Лицо Пьера посерело, в глазах застыла дремота, он сидел и ел не сопротивляясь то, что ему давали. Пока отец кормил его супом, мать щупала ему пульс. Она обрадовалась, не обнаружив жара.
– Может, позвать доктора? – нерешительно спросил Альберт; ему тоже хотелось что-нибудь сделать.
– Нет, не надо, – сказала мать. – Сейчас мы уложим Пьера в постель, укутаем как следует, он хорошенько выспится и завтра будет опять здоров. Ведь правда, моя радость?
Мальчик не слушал, он отрицательно затряс головой, когда отец хотел дать ему еще супу.
– Нет, ему не надо есть через силу, – сказала госпожа Верагут. – Пойдем, Пьер, я уложу тебя в постель, и все снова будет хорошо.
Она взяла его за руку, он неохотно поднялся и сонно побрел за ней. Но в дверях он остановился, лицо его исказилось, он согнулся, и его стошнило; все, что он только что съел, оказалось на полу.
Верагут отнес его в спальню и оставил на попечение матери.
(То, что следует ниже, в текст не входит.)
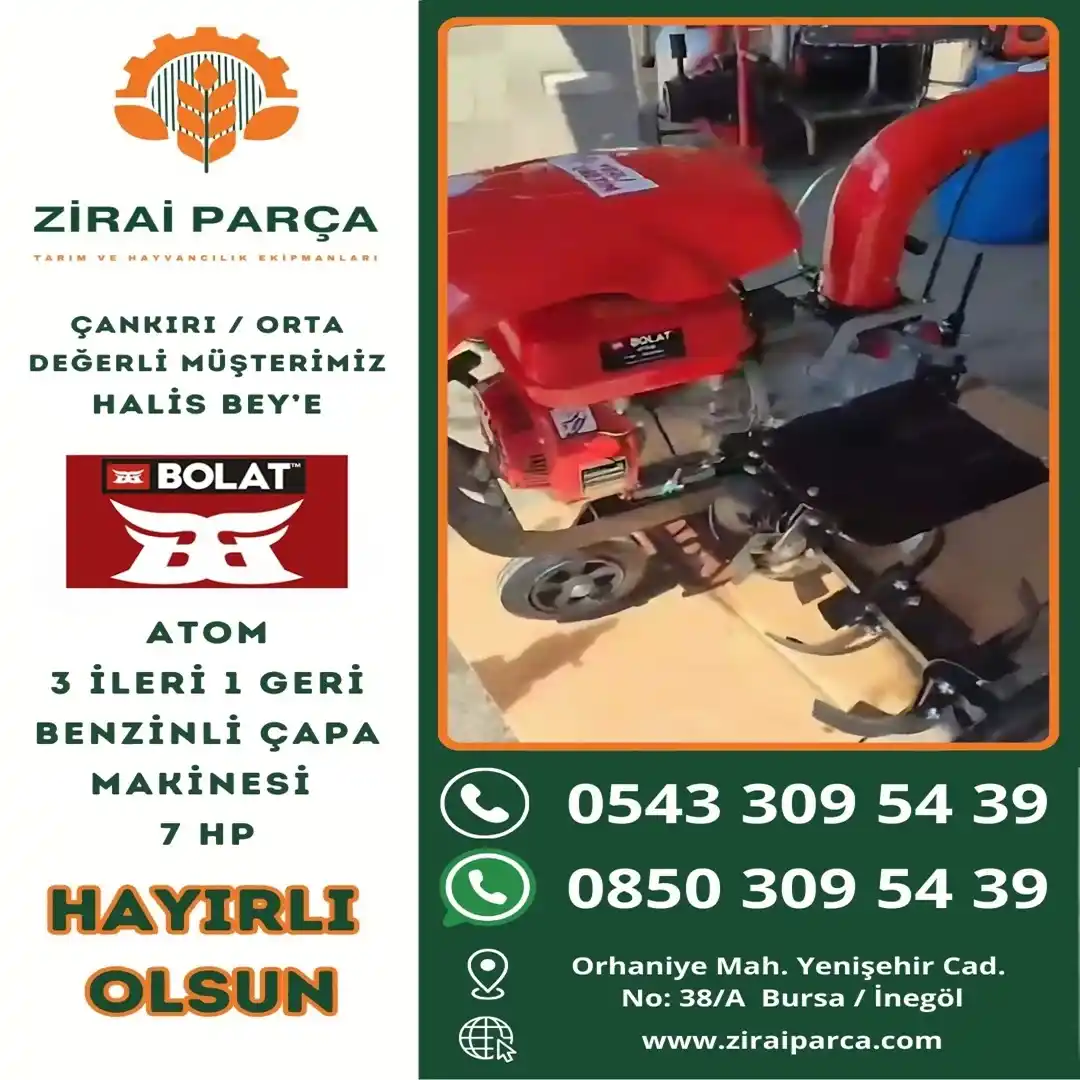Çankırı / Orta - Halis Bey - Bolat Çapa Makinesi 7 HP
Зазвонил колокольчик, засновали вверх и вниз по лестнице слуги. Художник немного поел и, пока ел, успел дважды сбегать в комнату Пьера. Раздетый и вымытый, мальчик уже лежал в своей кроватке из желтой меди. Затем в столовую вернулась госпожа Адель и сообщила, что ребенок успокоился, ни на что не жалуется и, кажется, скоро заснет.
– Что Пьер ел вчера? – обратился отец к Альберту. Альберт задумался, но ответил не ему, а матери:
– Ничего особенного. В Брюкеншванде я велел дать ему хлеба и молока, а на обед в Пегольцхайме нам подали макароны и котлеты.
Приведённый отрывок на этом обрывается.